Gathering and Buying Prawns
Prawns can be gathered from around the British Isles. Like gathering peeler crab this can be a long and drawn out process which sometimes results in meagre rewards. One approach is to use a small net with a long handle (such as the type used to catch fish from a garden pond) and go through rock pools looking for prawns. They will sometimes be found amongst or behind seaweed or underneath rocks. However, finding the area which contains prawns can prove difficult, and, as stated, a long time can be spent to collect only a small number of prawns.
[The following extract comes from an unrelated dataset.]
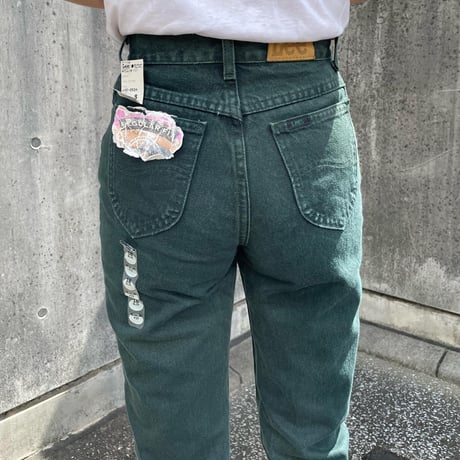 【NOS】USA製LEE REGULAR FIT デニムパンツ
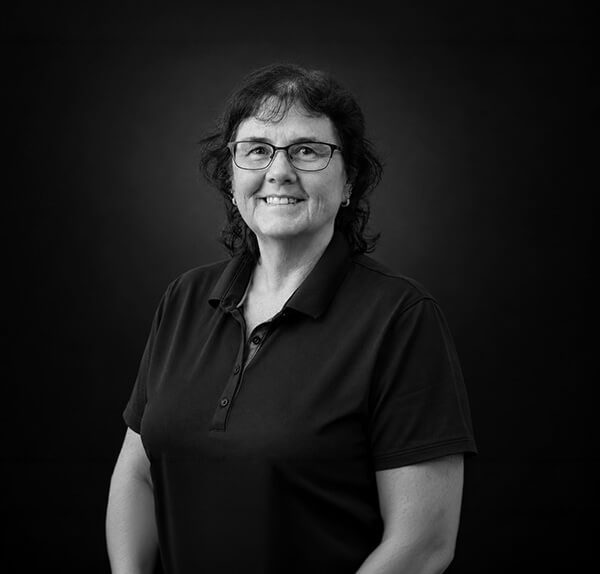 Sharon Cross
Another method is to use a push net. This is a triangular net with a long handle which is pushed through shallow sand to gather up any prawns which are found there. It can be necessary to put on a set of waders and go out into some depth of water to get to areas where prawns are present. Again, this is a fair amount of work and effort but can produce a decent number of prawns. If prawns are to be used live this is obviously the only way to collect them. Anyone collecting prawns should always check local by-laws and regulation to ensure that the gathering of prawns is permitted. To use prawns as a bottom fished bait it is much easier is to buy prawns from a fishmonger or supermarket where they are available fresh and frozen. While some anglers report that cooked prawns get results it is always best to go for raw prawns as these are closer to the actual wild prawns that fish will be feeding on.
Freshly caught prawns can be kept alive by keeping them in a bucket of seawater but it must have an aerator pump attached – the prawns will soon die without this. If stored correctly in this manner the prawns will live for a day or two. Freshly caught prawns can also be frozen for future use. If prawns have been bought from a supermarket in frozen form they can simply be kept in the freezer and defrosted prior to use, whereas refrigerated prawns can be used straight out of the packet.
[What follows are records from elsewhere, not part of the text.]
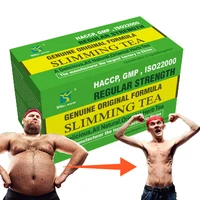 100 pure natural detox tea bags colon cleanse fat burn weight loss tea man women tea belly slimming tea lose weight fast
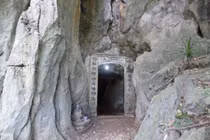 Kỳ diệu thiền sư tỏa hương thơm ngát sau khi viên tịch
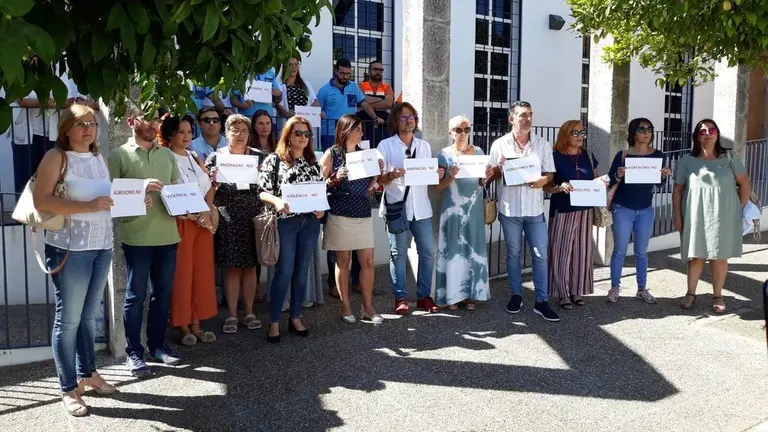 concentraci&oacute;n cs los barrios 24sep19
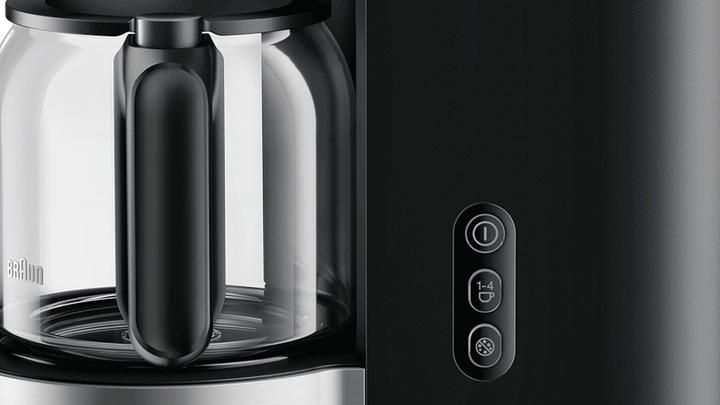 Actual product image Braun Serie 5 KF5120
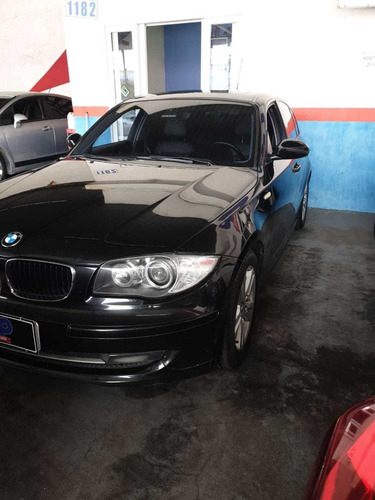 Bmw 120 I Teto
If live prawns are available they are best used as a float fishing bait where they will account for catches of species such as wrasse, pollock and bass. Set up the float rig and hook the prawn once through one of the segments near to its tail. This will allow the prawn to wriggle about and the movement will attract predatory fish. Although prawns hooked in this manner will not by any means stand up to powerful casting they will certainly survive a short lob out into deep water from a rock mark, and will still be alive to wriggle and move. Prawn baits presented in this manner can work particularly well when they are fished down a harbour or pier wall, or along a rock ledge where fish will be looking for food. Alternatively, a prawn presented under a float can be allowed to move in the tide until it is noticed by a fish.
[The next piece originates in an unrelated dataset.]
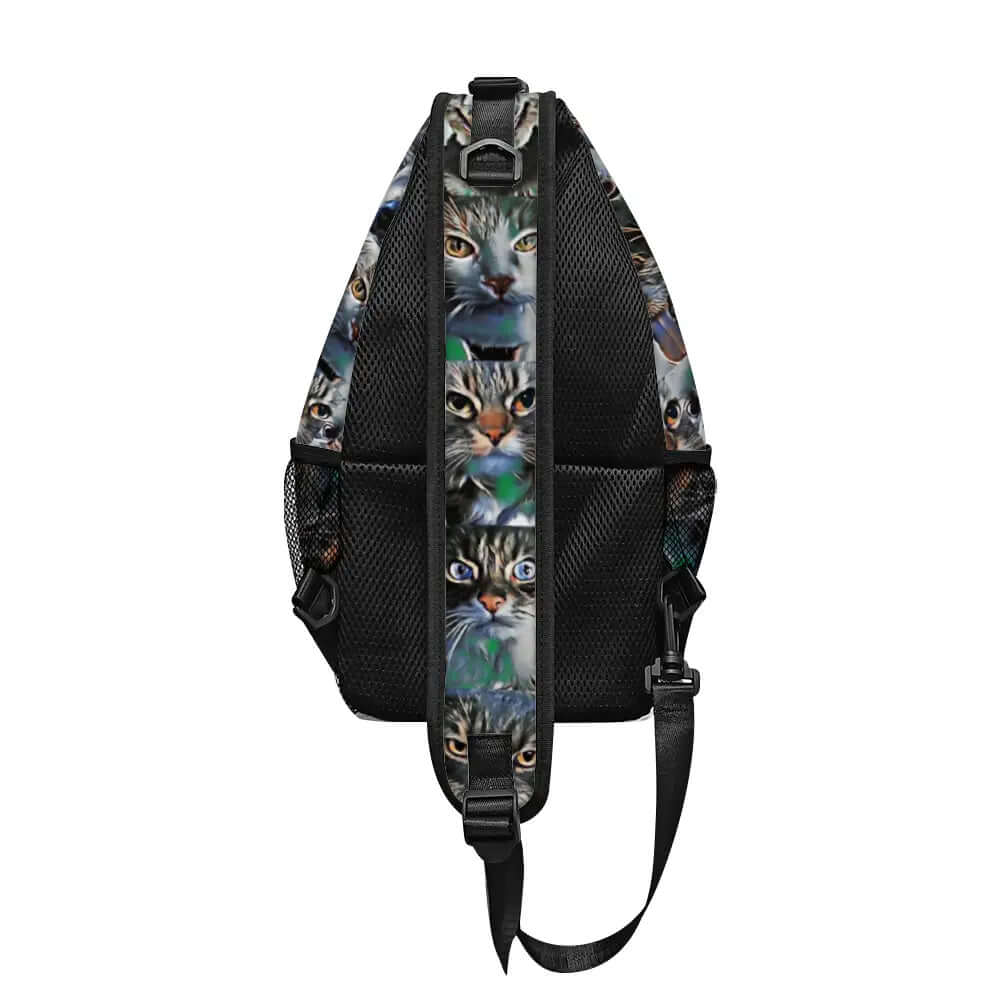 Crossbody bag - Club 99 ThisNew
Refrigerated or defrosted prawns can also be used for float fishing but they are also effective as a bait for fishing. Here they will attract most fish species which feed on the seabed with cod, coalfish, pollock, bass, whiting, all species of flatfish and many other species all being caught on prawn baits.
If prawns are large a single prawn can be used, or multiple small prawns can be used on the same hook to create a bigger bait for species such as cod and bass. The presentation will be improved by clipping prawn baits behind an impact shield to protect them from impact with the water. While refrigerated prawns are relatively firm many anglers prefer to secure them to the hook with bait elastic such as Koike Bait Elastic. Frozen prawns are often softer once defrosted so anglers fishing with these almost always use bait cotton or elastic. Prawns can, of course, be used as part of a cocktail bait with prawns being paired up with practically any other sea fishing bait to provide a cocktail bait which will attract a number of different species.